Le 3 mai 1900, le docteur Léon Azoulay fait, devant ses pairs de la Société d’Anthropologie de Paris, une communication remarquable sur les bienfaits de l’usage de la phonographie. Linguistique, apprentissage des langues, anthropologie, industrie, météorologie, médecine, ou arts : Léon Azoulay détaille tous les domaines que la phonographie peut transformer. « On s’en amuse encore, annonce-t-il, en parlant du phonographe. […] C’est le sort de tout instrument et de toute méthode qui apparaît. Nous sommes pour la plupart des enfants ou des sauvages en leur présence, nous en avons peur ou nous en jouons. Et c’est seulement à la longue, accoutumés à eux, que nous devenons hommes et civilisés à leur égard, que nous concevons toute la portée théorique et pratique et en réalisons les applications les plus variées. »

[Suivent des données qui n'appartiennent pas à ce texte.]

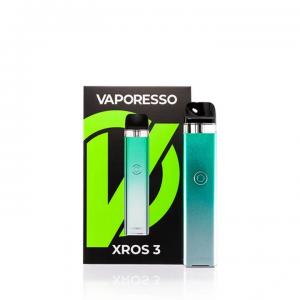 Vaporesso XROS 3 Pod Kit 1000mAh 2ml Xros 3 Cartridge 0.6ohm 1.0ohm Mesh Pod Cartridges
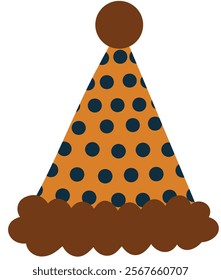 Polka Dot Party Hat Vector Illustration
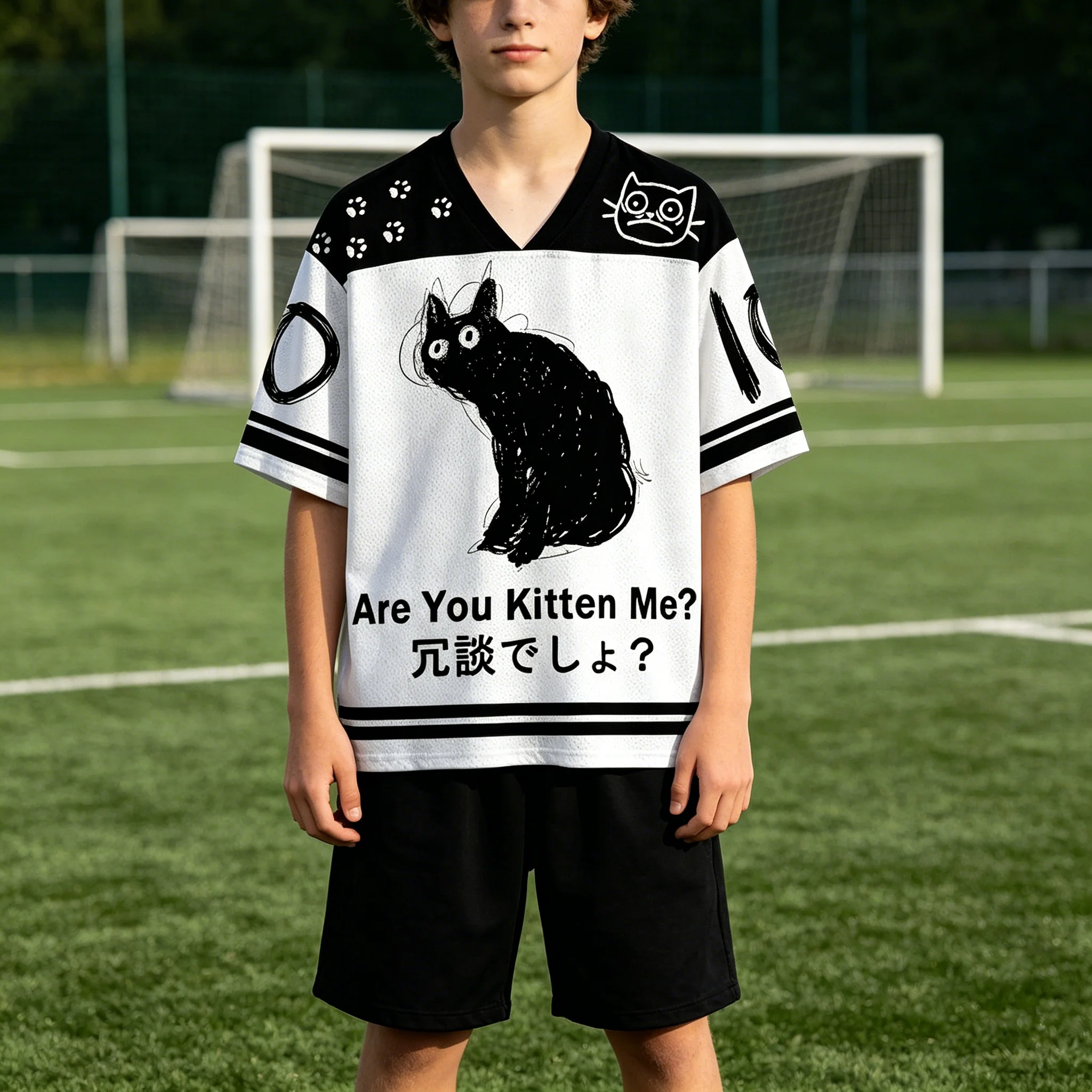 camiseta-casual-estilo-japones-harajuku-para-homens-e-mulheres-adultos-e-criancas-meninos-e-meninas-top-com-decote-em-v-rapido-secagem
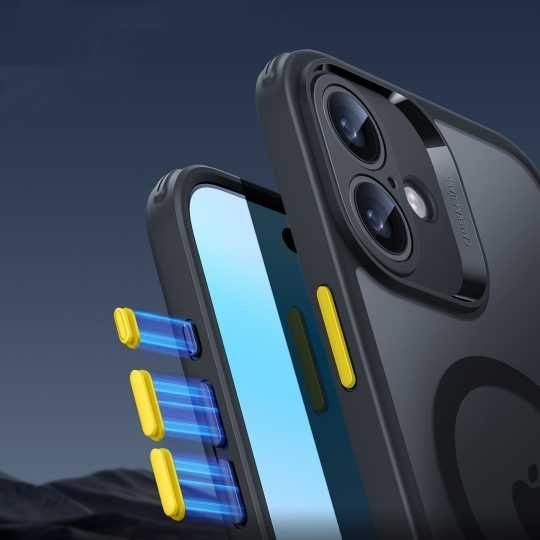 Zestaw ESR szkło hartowane i etui czarne do IPHONE 16
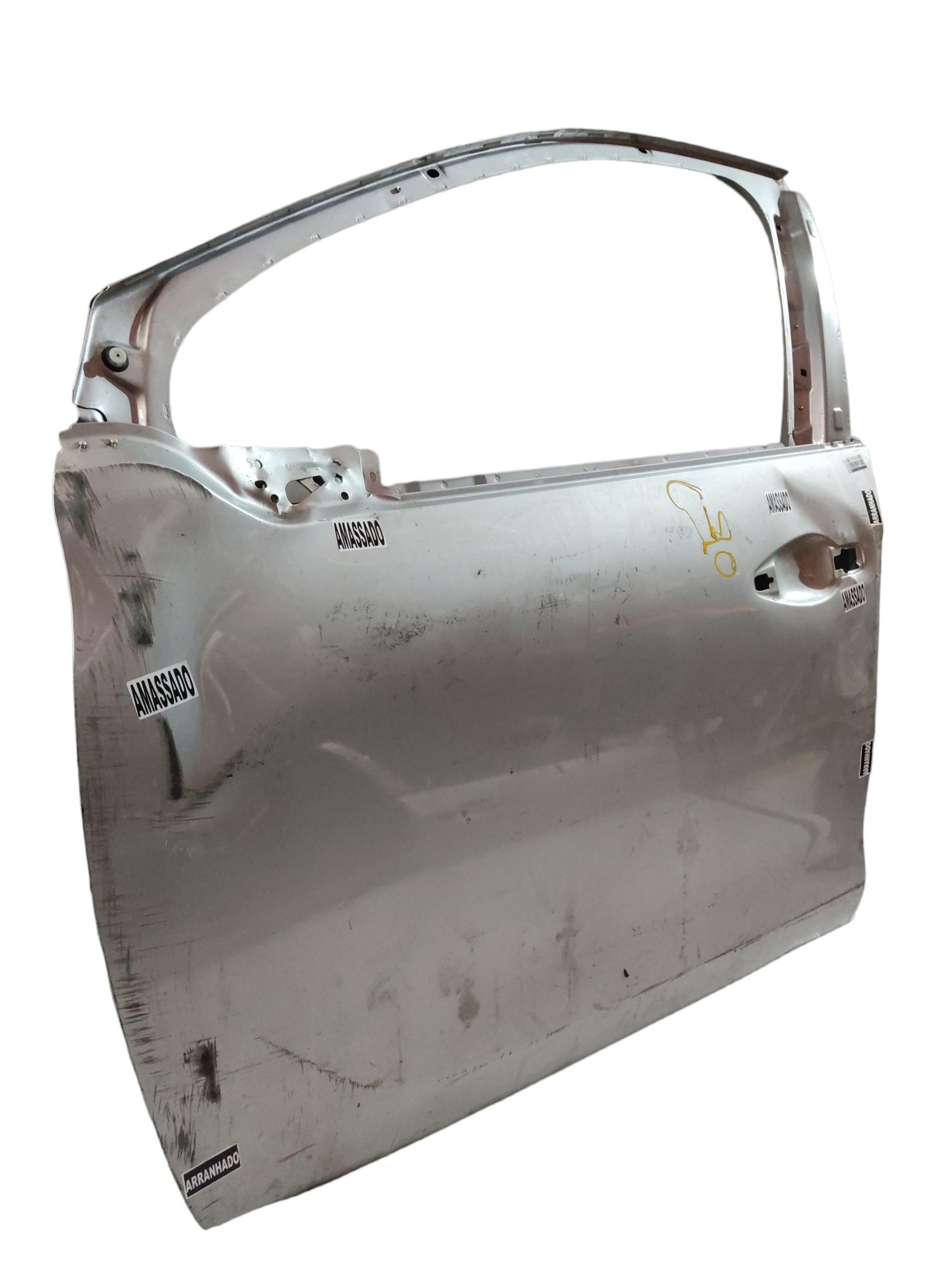 Porta dianteira esquerda Peugeot 208 2014 a 2019 prata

Un mois plus tard, devant la même assemblée, il sollicite l’appui de la Société d’Anthropologie pour fonder un musée phonographique des langues du monde entier. Son idée est de saisir l’opportunité de l’Exposition universelle de Paris et de la présence de millions de visiteurs. Les langues de tous les continents emplissent les rues de la capitale française, et il suffit, explique Azoulay, de les recueillir avec un phonographe dans les pavillons des différentes nations présentes.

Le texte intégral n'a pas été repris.